La Mini Transat marquera la fin de la saison, avec un nouvel organisateur, suite au décès, fin 2022, de Marc Chopin, dont la société Korrigan s’occupait de la course. “Il a fallu rebondir très vite, c’est pour ça que nous n’avons pas fait d’appel d’offres, explique Jean Marre.

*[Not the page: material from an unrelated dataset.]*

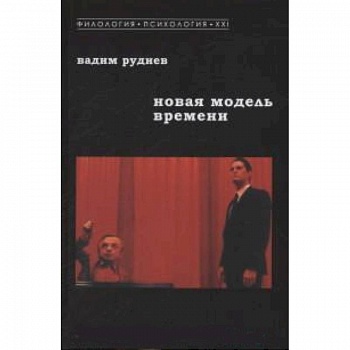 Новая модель времени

Nous avons étudié deux dossiers très solides, nous avons choisi Versace Sailing Management, la société d’Emmanuel Versace, qui présentait l’avantage d’organiser déjà la Transgascogne et avait de la disponibilité après l’annulation de The Race Around.” Et il en fallait, car ce dernier a dû rependre nombre de dossiers à zéro, y compris celui du parcours. “Il a fallu reprendre toutes les conventions qui devenaient caduques du fait du changement d’organisateur, donc qu’elles repassent devant les collectivités partenaires pour être approuvées”, confirme Emmanuel Versace, sur le point de finaliser celles avec Les Sables d’Olonne (départ), La Palma aux Canaries (escale) et la Guadeloupe pour l’arrivée.
L’autre priorité consiste à boucler un budget que Denis Hugues, directeur de course, estime “de 900 000 euros à 1,2 million selon les éditions”, et de trouver un partenaire titre – moyennant, selon Emmanuel Versace, “400 000-450 000 euros” – en remplacement d’Eurochef, qui n’a pas souhaité continuer après l’édition 2021. “Ça va être compliqué vu le timing, mais on a un gros atout, c’est le nombre d’inscrits.” Ce que confirme Denis Hugues : “On a dévoilé l’avis de course lundi, on est à 115 préinscrits au moment où je te parle (jeudi), c’est forcément plus facile de chercher un partenaire dans ces conditions.”